Prerequisites: Prerequisite: MATH 2410Q or 2143Q and either PHYS 1402Q or 1502Q or 1602Q or 1230 or 1530, both of which may be taken concurrently. Not open for credit to students who have passed ECE 2000.

Signals and Systems (ECE 3101)

ECE 3101

Course content explores representation of signals in the time and frequency domains, Fourier series, Fourier and Laplace transform methods for analysis of linear systems, introduction to state space models, as well as,  sampling and discrete systems analysis via z-transforms.

Prerequisites: ECE 2000 or 2001W; open only to students in the School of Engineering. Recommended preparation: ECE 1401.

Electronic Circuit Design and Analysis (ECE 3201)

ECE 3201

This course focuses on physical electronics and their underlying operation of electronic devices, including:

  • Diodes, diode models, and diode circuits.
  • Transistors, transistor models, and transistor circuits.
  • DC, small signal, and frequency analysis of transistor amplifiers.
  • Compound transistor configurations.
  • Computer analysis tools. 

Curriculum includes construction of diode and transistor circuits and their testing in a laboratory environment.

Prerequisites: ECE 2001; open only to students in the School of Engineering. This course and ECE 3608 or ECE 3609 may not both be taken for credit.

Applied Mechanics II (CE 2120)

CE 2120

This course is focused on the fundamentals of dynamics using vector methods, including:

  • Rectilinear and curvilinear motion.
  • Translation, rotation, and plane motion.
  • Work, energy and power.
  • Impulse and momentum. 

This course may be repeated for credit.

Prerequisites: CE 2110; MATH 2110 or 2130.
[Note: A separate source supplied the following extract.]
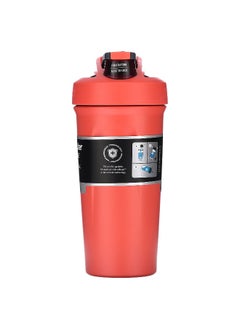 BlenderBottle Blender Bottle, Strada, Insulated Stainless Steel, FC Coral, 24 oz (710 ml)  - Image 2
Design of Machine Elements (ME 3227)

ME 3227

The course curriculum explores the application of the fundamentals of engineering mechanics, as well as, materials and manufacturing to the design and analysis of machine elements.

Prerequisites: CE 3110.

Heat Transfer (ME 3242)

ME 3242

This course focuses on the:

  • Fundamentals of conduction, convection, and radiation heat transfer.
  • Application of the general laws of heat transfer, and heat exchange to a wide variety of practical problems.
  • Analytical, numerical, and graphical solution of one, two, and three dimensional problems.

Prerequisites: ME 2233 and 3250.

Fluid Dynamics I (ME 3250)

ME 3250

The course curriculum covers the laws of conservation of mass, momentum, and energy in fluid systems, fluid statics, dimensional analysis, incompressible, inviscid and viscous flows, steady and unsteady flows, internal and external flows.

Prerequisites: ME 2233; MATH 2110 and 2410. Cannot be taken for credit after passing ME 240, 245, 263, 3242, 3251, 3276, 4972; CE 3120; or ENVE 3100.

Materials Science and Engineering I (MSE 2101)

MSE 2101

The course curriculum explores:

  • Relation of crystalline structure to chemical, physical, and mechanical properties of metals and alloys.
  • Testing, heat treating, and engineering applications of ferrous and non-ferrous alloys.

Prerequisites: CHEM 1127 or 1147. Not open to students who have passed MSE 2001.

Materials Science and Engineering II (MSE 2102)

MSE 2102

The course curriculum explores:

  • Structures, properties, and processing of ceramics.
  • Structure, properties and processing of polymers and composites.
  • Electrical, thermal, magnetic and optical properties of solids.
  • Corrosion.

Prerequisites: MSE 2001 or 2101. Not open to students who have passed MSE 2002.